Usually I do a big rundown of Drupalcamp London, trying to tease out themes, talking about bigger pictures and patterns. This year, however:

  1. I spent much of the camp volunteering (which, incidentally, was an absolute lark—except once my sprained ankle swelled up), so I was sometimes room-monitoring and therefore not necessarily following my nose when it came to talks;
  2. and I've gone straight from the camp into a three-day onsite client meeting, meaning I can only spend so much time writing blogposts.

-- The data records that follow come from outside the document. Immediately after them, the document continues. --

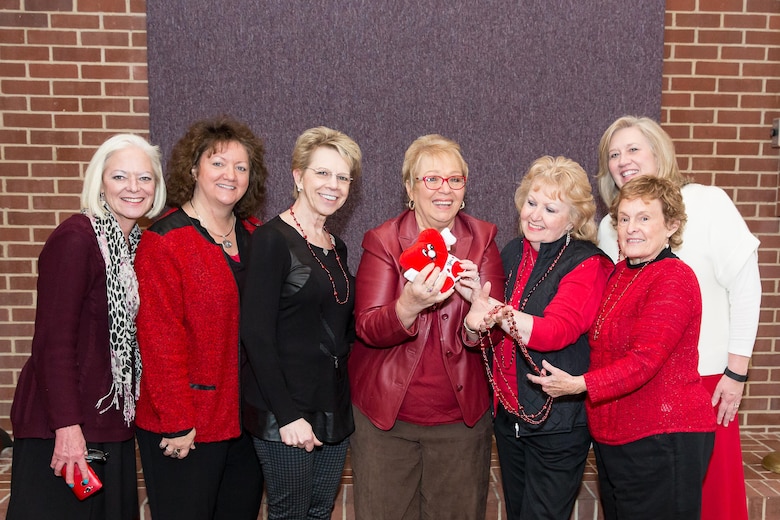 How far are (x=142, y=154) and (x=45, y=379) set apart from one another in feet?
2.48

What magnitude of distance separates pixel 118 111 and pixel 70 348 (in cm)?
177

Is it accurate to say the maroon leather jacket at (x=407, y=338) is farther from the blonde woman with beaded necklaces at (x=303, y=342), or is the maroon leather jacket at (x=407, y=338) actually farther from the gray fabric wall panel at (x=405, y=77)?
the gray fabric wall panel at (x=405, y=77)

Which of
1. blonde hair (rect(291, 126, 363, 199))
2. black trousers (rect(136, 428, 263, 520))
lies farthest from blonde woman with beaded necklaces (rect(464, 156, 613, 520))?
black trousers (rect(136, 428, 263, 520))

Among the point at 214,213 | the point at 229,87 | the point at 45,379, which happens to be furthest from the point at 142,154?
the point at 229,87

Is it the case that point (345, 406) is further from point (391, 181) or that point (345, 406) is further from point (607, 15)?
point (607, 15)

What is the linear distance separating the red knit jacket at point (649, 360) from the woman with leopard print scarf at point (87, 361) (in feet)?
4.74

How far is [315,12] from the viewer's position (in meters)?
3.16

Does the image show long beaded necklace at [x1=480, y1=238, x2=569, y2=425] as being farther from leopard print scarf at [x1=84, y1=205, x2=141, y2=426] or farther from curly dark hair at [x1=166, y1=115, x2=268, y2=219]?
leopard print scarf at [x1=84, y1=205, x2=141, y2=426]

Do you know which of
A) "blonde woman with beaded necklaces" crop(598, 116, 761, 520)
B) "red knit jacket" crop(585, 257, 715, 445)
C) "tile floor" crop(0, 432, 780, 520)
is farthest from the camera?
"tile floor" crop(0, 432, 780, 520)

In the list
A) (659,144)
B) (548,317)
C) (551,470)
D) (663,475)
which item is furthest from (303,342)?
(659,144)

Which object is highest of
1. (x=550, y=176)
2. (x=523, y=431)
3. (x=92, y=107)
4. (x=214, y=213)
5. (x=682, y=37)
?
(x=682, y=37)

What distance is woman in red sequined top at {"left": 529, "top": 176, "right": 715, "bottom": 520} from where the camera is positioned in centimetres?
178

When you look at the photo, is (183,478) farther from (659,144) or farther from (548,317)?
(659,144)

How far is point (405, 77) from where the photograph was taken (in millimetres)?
3227
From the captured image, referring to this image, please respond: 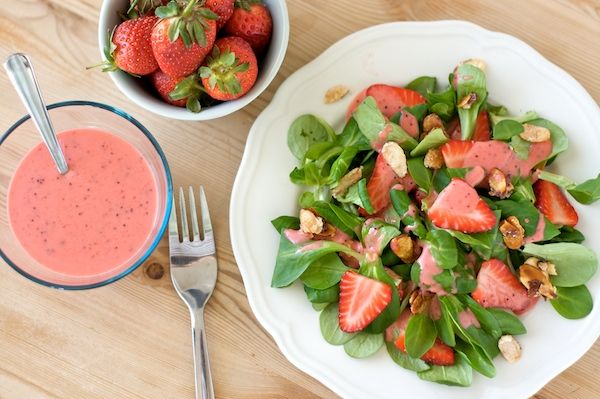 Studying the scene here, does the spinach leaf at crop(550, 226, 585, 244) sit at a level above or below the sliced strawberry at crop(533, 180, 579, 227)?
below

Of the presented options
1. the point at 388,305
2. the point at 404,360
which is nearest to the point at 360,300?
the point at 388,305

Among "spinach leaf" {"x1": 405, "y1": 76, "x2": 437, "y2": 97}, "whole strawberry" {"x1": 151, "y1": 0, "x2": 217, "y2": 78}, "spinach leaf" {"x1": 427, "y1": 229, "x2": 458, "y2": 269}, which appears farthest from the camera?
"spinach leaf" {"x1": 405, "y1": 76, "x2": 437, "y2": 97}

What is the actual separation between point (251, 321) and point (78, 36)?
678 millimetres

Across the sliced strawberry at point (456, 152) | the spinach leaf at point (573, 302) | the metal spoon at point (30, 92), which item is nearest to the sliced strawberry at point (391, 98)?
the sliced strawberry at point (456, 152)

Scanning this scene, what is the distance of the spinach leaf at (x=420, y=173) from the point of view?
123 cm

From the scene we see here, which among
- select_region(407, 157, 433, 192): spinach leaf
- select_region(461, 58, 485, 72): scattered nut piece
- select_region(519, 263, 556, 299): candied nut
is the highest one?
Result: select_region(461, 58, 485, 72): scattered nut piece

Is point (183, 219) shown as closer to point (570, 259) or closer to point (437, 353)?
point (437, 353)

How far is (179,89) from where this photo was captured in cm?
116

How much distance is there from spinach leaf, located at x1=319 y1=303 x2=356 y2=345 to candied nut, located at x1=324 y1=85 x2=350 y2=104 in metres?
0.39

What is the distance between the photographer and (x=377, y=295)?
3.92 feet

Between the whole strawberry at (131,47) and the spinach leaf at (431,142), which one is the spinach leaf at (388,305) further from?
the whole strawberry at (131,47)

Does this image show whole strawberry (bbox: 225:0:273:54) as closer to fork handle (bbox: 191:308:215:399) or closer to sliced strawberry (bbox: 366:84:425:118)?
sliced strawberry (bbox: 366:84:425:118)

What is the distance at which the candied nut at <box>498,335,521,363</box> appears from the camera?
1.24 metres

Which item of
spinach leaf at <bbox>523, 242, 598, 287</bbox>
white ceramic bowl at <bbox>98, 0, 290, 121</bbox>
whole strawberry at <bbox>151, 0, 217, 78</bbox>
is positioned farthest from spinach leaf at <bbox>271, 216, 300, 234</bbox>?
spinach leaf at <bbox>523, 242, 598, 287</bbox> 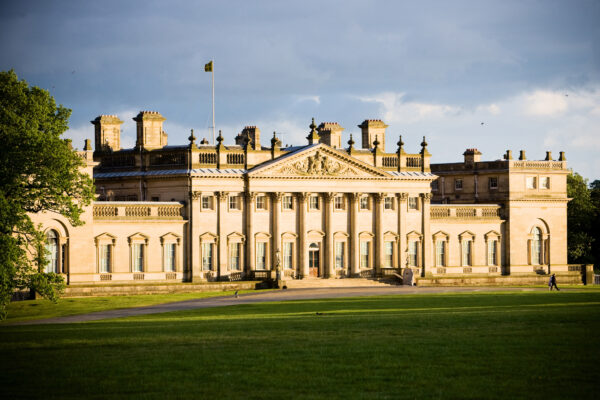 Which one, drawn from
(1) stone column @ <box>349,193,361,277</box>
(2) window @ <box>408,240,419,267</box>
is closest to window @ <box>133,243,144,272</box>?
(1) stone column @ <box>349,193,361,277</box>

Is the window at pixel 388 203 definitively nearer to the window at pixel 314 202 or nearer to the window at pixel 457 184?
the window at pixel 314 202

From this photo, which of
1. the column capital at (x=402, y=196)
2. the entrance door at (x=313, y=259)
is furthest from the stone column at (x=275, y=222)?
the column capital at (x=402, y=196)

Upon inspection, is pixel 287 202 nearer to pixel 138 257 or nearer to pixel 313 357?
pixel 138 257

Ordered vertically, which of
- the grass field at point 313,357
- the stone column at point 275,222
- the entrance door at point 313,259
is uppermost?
the stone column at point 275,222

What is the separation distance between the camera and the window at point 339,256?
74750mm

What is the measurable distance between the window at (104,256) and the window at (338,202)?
18.5 m

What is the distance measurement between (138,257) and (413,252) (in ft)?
76.7

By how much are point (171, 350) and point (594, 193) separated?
93552 mm

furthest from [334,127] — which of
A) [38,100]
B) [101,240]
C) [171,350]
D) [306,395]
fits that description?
[306,395]

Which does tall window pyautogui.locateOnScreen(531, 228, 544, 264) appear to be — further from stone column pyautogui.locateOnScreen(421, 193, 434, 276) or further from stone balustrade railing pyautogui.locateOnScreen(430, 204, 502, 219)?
stone column pyautogui.locateOnScreen(421, 193, 434, 276)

With both those limitations in mind, I'm afraid that this year you're just going to get a bullet-pointed list of thoughts I had during and since:

  • Drupalers are lovely. I had a great meal with a few of them on the Friday, and I wish that my sprained ankle hadn't been agony on the Saturday, or that I'd had to run over to Hackney, because now I miss them all!
  • The Friday CxO day gets warmer each year, and for the few hours I was helping out it was hot: maybe 50% busier than last year. Cheap tickets for freelancers remain super-cheap, so I'm tempted to go back in 2018.
  • Drupal 8 is standard. All energy is moving towards it, and every new release brings new functionality. If your favourite module isn't yet available for D8, you'd be better off writing (or getting someone to write) some bridging code, than using D7. Bridging code is really clean in D8, so don't be afraid.
  • D8's improved architecture has given Xdebug a shot in the arm. Dust it down, even if you've got Vim or a command line.
  • D8 Commerce 2.x might still beta, but it's fully featured. The project has a roadmap. The code is strongly entity- and view-based and so core does all the heavy lifting. From a standing start, it took Scott Hooker only six hours to build a Stripe payment plugin.
  • Webform in D8 is also amazing.
  • Twig should be seen as its own language, with its own syntax, power and features, as far as templating is concerned. Let it do the heavy lifting, whenever you need to generate output without side effects.
  • Open source is inherently and thrillingly political, and all about individuals not corporations, and for her part Danese Cooper is an inspiring speaker.

That's about it. Now, look, if you don't mind, I've really got to go. We've a workship including contextual enquiries tomorrow. And I'd like to see you get to sleep when your hotel room overlooks Hackney Central rail station.

See you at Drupalcamp London 2018? I'll be volunteering, and maybe you will be too!